L’hypothèse du crime homosexuel

S’il y a un mystère dans cette affaire, il ne réside ni dans les circonstances,  ni dans l’identité de l’auteur, mais dans le mobile. On a d’abord privilégié l’hypothèse du meurtre crapuleux car l’historien transportait des objets de grande valeur. Mais en publiant Signor Giovanni en 1981, l’écrivain Dominique Fernandez va donner corps à une autre hypothèse beaucoup plus romanesque : Winckelmann, qui était homosexuel, aurait été en réalité assassiné par celui dont il voulait faire son amant.

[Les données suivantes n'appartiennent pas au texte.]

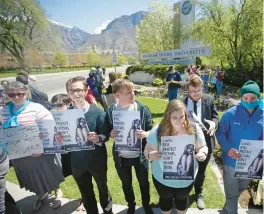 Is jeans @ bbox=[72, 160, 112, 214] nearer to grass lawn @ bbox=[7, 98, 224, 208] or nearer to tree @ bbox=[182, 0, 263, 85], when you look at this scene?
grass lawn @ bbox=[7, 98, 224, 208]

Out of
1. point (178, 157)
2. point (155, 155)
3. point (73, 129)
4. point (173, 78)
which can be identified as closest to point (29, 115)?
point (73, 129)

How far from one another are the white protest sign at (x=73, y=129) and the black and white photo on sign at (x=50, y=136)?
0.65ft

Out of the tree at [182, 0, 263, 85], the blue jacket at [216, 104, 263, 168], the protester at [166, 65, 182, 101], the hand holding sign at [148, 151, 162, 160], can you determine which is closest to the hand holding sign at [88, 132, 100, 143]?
the hand holding sign at [148, 151, 162, 160]

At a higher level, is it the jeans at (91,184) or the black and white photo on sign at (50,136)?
the black and white photo on sign at (50,136)

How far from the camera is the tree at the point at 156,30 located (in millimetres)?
32375

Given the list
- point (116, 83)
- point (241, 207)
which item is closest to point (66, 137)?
point (116, 83)

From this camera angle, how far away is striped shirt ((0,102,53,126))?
324cm

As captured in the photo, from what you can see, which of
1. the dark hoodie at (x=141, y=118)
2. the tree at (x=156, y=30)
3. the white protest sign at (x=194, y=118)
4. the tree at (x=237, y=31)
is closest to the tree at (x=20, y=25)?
the tree at (x=156, y=30)

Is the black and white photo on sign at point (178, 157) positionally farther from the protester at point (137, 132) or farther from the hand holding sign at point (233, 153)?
the hand holding sign at point (233, 153)

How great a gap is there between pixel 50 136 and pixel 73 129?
0.49m

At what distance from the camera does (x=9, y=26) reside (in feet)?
108

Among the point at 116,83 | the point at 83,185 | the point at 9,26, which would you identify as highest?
the point at 9,26

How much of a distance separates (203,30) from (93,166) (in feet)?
66.6

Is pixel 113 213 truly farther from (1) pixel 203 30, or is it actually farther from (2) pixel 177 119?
(1) pixel 203 30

La réalité du dossier judiciaire

Julien Sapori, commissaire divisionnaire honoraire, historien, spécialiste de Barbey d’Aurevilly, a décidé de mener l’enquête. Est-ce parce qu’il est lui-même originaire de Trieste ? Toujours est-il qu’au fil des pages de  Winckelmann et ses assassins, l’auteur s’attache à décrire les personnages du drame, ainsi que le contexte politique, culturel et religieux de l’époque, notamment au regard de l’homosexualité de Winckelmann. Au fil des pages, Julien Sapori démontre que non, son orientation sexuelle n’était pas un fardeau qui aurait contraint l’intéressé à des relations clandestines et risquées, voire l’aurait poussé à une sorte de suicide par procuration.  Surtout, en s’appuyant sur les pièces du dossier judiciaire, il met en lumière les incohérences de la thèse de Dominique Fernandez.

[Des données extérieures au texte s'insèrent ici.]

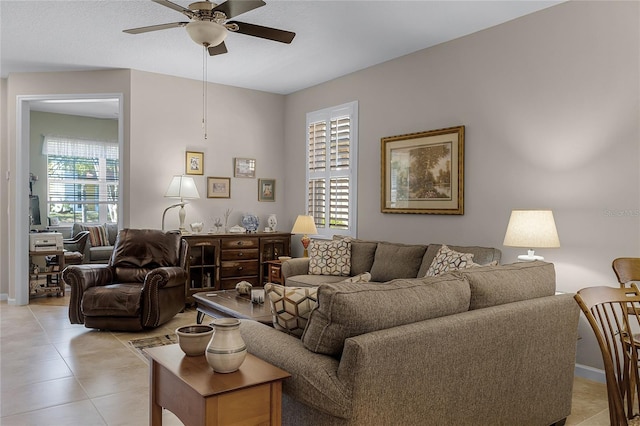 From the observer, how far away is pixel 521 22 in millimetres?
4074

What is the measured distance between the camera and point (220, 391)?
1.62 meters

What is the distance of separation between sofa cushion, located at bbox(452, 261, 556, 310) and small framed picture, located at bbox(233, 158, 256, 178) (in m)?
4.55

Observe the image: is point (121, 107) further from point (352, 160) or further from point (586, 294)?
point (586, 294)

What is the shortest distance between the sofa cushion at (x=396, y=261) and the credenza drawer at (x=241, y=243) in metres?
1.91

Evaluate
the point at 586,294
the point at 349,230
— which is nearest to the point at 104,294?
the point at 349,230

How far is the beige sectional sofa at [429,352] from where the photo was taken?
1775 millimetres

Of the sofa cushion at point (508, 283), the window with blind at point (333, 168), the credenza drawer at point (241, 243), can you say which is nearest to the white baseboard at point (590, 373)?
the sofa cushion at point (508, 283)

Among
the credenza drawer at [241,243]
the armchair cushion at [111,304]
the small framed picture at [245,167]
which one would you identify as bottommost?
the armchair cushion at [111,304]

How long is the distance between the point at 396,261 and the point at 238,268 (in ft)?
7.52

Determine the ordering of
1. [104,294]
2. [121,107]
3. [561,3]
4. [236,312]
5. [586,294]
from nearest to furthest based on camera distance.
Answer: [586,294] < [236,312] < [561,3] < [104,294] < [121,107]

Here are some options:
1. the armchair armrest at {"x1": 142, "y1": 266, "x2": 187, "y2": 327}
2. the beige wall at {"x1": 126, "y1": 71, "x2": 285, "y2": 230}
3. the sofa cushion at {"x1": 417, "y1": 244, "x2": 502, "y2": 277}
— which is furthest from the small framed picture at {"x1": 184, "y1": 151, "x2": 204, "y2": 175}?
the sofa cushion at {"x1": 417, "y1": 244, "x2": 502, "y2": 277}

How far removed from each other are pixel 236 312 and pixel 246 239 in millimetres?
2651

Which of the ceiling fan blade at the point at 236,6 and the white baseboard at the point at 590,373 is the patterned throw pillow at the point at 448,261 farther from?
the ceiling fan blade at the point at 236,6

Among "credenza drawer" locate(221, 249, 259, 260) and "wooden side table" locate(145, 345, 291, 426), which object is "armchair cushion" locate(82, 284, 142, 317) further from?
"wooden side table" locate(145, 345, 291, 426) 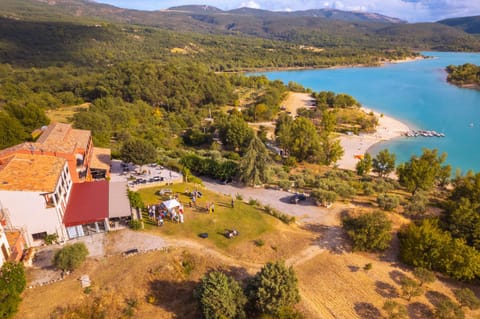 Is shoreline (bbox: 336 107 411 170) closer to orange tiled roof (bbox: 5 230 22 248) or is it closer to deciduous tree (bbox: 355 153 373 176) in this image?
deciduous tree (bbox: 355 153 373 176)

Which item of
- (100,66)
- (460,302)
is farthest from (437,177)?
(100,66)

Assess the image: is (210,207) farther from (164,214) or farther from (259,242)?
(259,242)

Contre la réécriture du passé

À travers cet exemple de réécriture d’un fait divers pour l’inscrire dans une vision du monde s’articulant entre les opprimés et les oppresseurs dans laquelle l’homosexuel est forcément une victime, c’est le procès du wokisme qu’instruit Julien Sapori. Il était nécessaire que la double expérience de l’enquêteur et de l’historien rétablisse ici les faits et donne au passage une salutaire leçon de rigueur intellectuelle dans une époque étrangement indifférente, pour ne pas dire réfractaire, au réel. Certains peut-être lui en voudront de briser la légende. On leur répondra par le fameux mot de Bernanos, « Je préfère être d’accord avec les faits qu’avec vous ».

 

*Julien Sapori – Winckelmann et ses assassins -L’Armaque, 100 pages, 18 euros.